# First Closed End Pen - PSI Kit Majestic Jr



## magpens (Mar 3, 2016)

PSI has recently released some closed end kits so I decided to try the Majestic Jr. . I modified the hardware for the small top cap to allow a reduced size (height) and I managed to get the whole pen out of a single 6 1/4" blank.

The blank is Olivewood. . The overall length is 6.09" so not much wood was wasted.

As shown, the pen needs a final finish. . It has been assembled in such a way that it can be taken apart for this purpose, although I rather like the raw sanded wood as is. .  I am still deciding whether I like the shape and length.

I might reduce the length of the lower barrel at the tapered end.  And I might reduce the top cap height a little bit more above the clip ring.

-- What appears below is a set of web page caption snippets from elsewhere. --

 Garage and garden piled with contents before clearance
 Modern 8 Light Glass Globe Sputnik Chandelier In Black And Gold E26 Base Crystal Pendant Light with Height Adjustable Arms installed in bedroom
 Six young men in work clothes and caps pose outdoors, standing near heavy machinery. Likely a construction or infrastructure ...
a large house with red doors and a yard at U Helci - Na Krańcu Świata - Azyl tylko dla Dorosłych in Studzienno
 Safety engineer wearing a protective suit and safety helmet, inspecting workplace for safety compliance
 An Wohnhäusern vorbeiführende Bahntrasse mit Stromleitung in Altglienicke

I didn't follow the instructions to the letter, and I didn't use the Big Grabber that they recommend; I bought one but am now wondering why !! 
I did all the turning between centers without bushings.

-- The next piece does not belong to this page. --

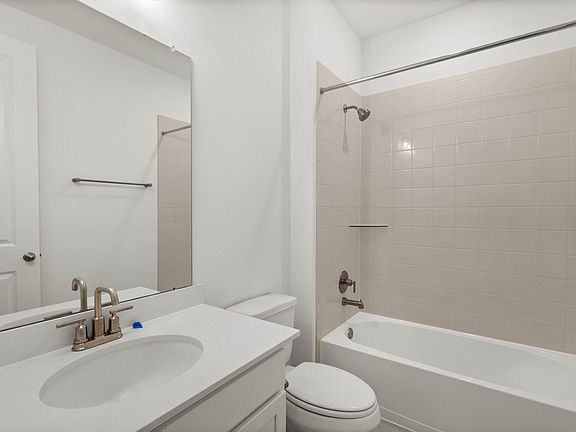 The third bath features tile flooring, white cabinetry and light countertops and a shower tub combo.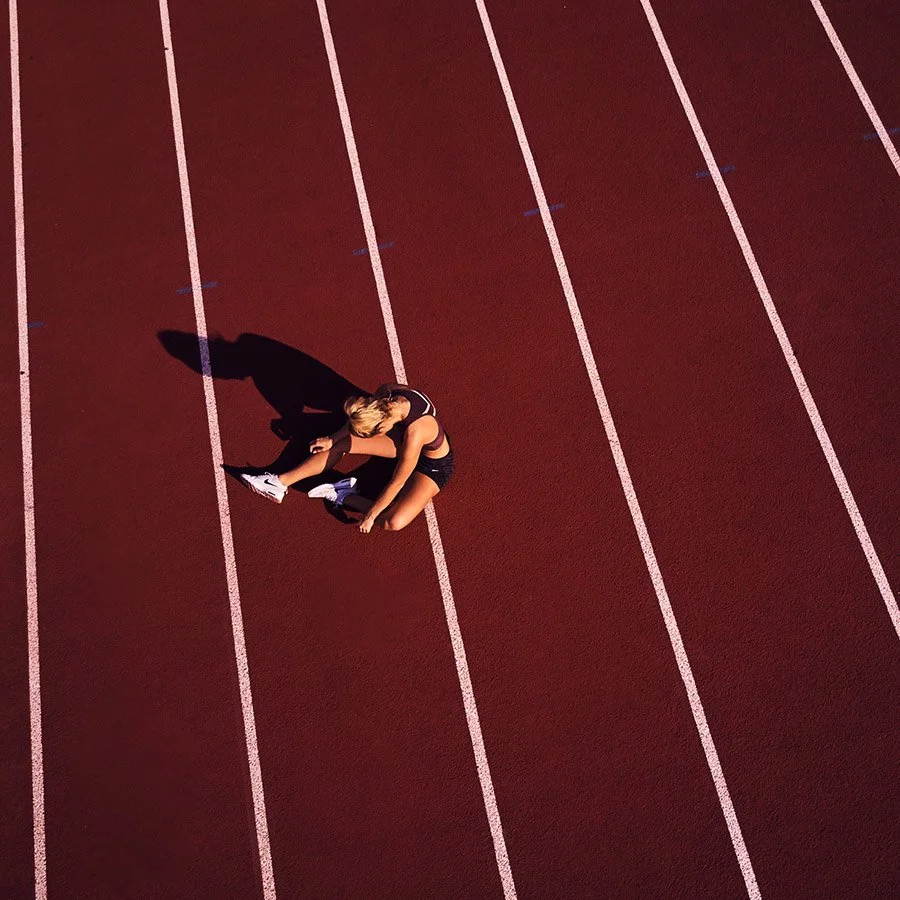 Runner sitting and resting on a red track lane, casting a shadow in the late afternoon sun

I miss the decorative Majestic style upper barrel top end !!


----------



## SteveG (Mar 3, 2016)

I like the overall look of the pen. As a general observation, I think that closed end pens tend to look too long in the barrel end, and agree with going a bit shorter. (Don't get carried away in that effort...you know what can happen! ) Let us see it once you do any mods and finish. If you choose to do no finish, you may change your mind soon. That nice olive oil content in the wood will soon be collecting "dirt".


----------



## mark james (Mar 3, 2016)

WOW, I like that!

My only tweak would be to slightly (VERY slightly - blunt the top point - slightly!).

As opposed to Steve, I like the length.  And I see no need to shorten the top cap.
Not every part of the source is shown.